GP de Hungría de 1998: nada es imposible si es Michael Schumacher
Pero hay una, que precisamente comenzó su relación en los primeros años de la década de los noventa y la extendió hasta el año 2012, que posiblemente haya sido la combinación de estratega y piloto más unida de todos los tiempos. Hablamos de Ross Brawn y Michael Schumacher.
Ya había surgido esa química especial en los tiempos de Benetton, llevando al piloto alemán a lograr dos títulos mundiales. Luego, con la marcha de Schumacher a Ferrari, éste no dudó en pedir la llegada de Brawn a Maranello.

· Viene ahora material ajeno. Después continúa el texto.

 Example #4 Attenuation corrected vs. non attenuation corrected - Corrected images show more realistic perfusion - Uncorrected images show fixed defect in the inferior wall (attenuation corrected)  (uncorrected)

Y llegó en 1997, sin tiempo para incidir en el diseño del coche, siendo el F300 de 1998 el primero surgido bajo la batuta de aquél equipo de ensueño formado por Byrne y Brawn en el diseño.
Pero el cambio normativo para la nueva temporada, con coches con un chasis más ancho, alerones más estrechos, distancia entre ejes acortada y la introducción de neumáticos estriados, provocó que el Ferrari, que no era un mal coche, fuera superado por el ingenio de Adrian Newey, recién llegado a Mclaren, con su implacable MP4/13. El inicio de temporada dejaba clara la situación, con un Mika Häkkinen que vencía las dos carreras inaugurales. Michael Schumacher no se rendía, como tampoco Ferrari, y pese a la superioridad manifiesta del finlandés y su monoplaza, pasado el ecuador de la temporada tras el G.P. de Inglaterra, estaban en segunda posición a sólo dos puntos del liderato. Dos Grandes Premios después, y tras sendas victorias del finlandés, la distancia se había ampliado a los dieciséis puntos.